PETROGENESIS OF THE BARCROFT PLUTON, NORTHERN WHITE-INYO MOUNTAINS, EAST-CENTRAL CALIFORNIA

The White-Inyo Range lies within the regional transition from Paleozoic and older North American continental basement to outboard Mesozoic and younger accreted terranes and a superimposed Andean-type arc. In the White Mountains, the metaluminous Barcroft granodiorite invaded a major NE-striking, SE-dipping high-angle reverse fault, the Barcroft break. The pluton was emplaced as a compositionally heterogeneous series of areally scattered melt pulses episodically injected over the approximate interval 167-161 Ma. The oldest dated rocks are relatively felsic, whereas the youngest is more mafic, suggesting progressive partial fusion of a relatively mafic protolith.
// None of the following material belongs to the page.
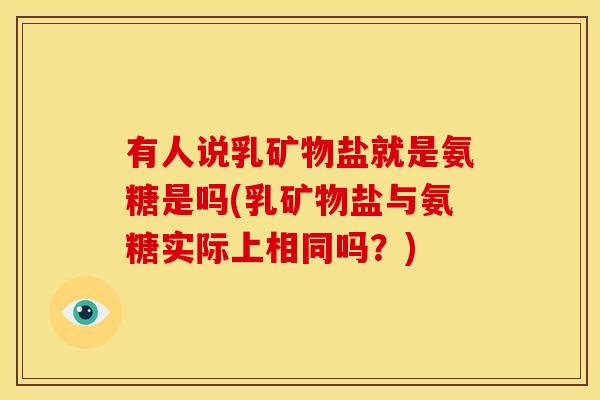 有人说乳矿物盐就是氨糖是吗(乳矿物盐与氨糖实际上相同吗？)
Heavy rare earth-enriched zircons indicate that Barcroft melts were derived at mid-crustal depths from a mafic igneous source rock containing plagioclase and lacking garnet. Granodioritic magma genesis involved the possible mixing of mafic and felsic melts, as well as very minor assimilation of country rocks, but mainly by fractional fusion and crystallization. Bulk chemical, rare earth, and isotopic data suggest that analyzed Barcroft rocks are members of a single suite. The granodioritic rocks are slightly more magnetite-rich at higher elevations on the NE, approaching the roof of the pluton. Earlier thermobarometry (Ernst, 21002; Ernst and Rumble, 2003) chronicled the cooling and re-equilibration of the Barcroft pluton from its margins inward as well as from mid-crustal generation depths of ~25 km through ascent and stalling at ~10-12 km. Refractory phase assemblages consolidated along the pluton margins, whereas subsolidus minerals in the interior of the of body continued to re-equilibrate with upper crustal deuteric and surficial aqueous fluids during exhumation and cooling.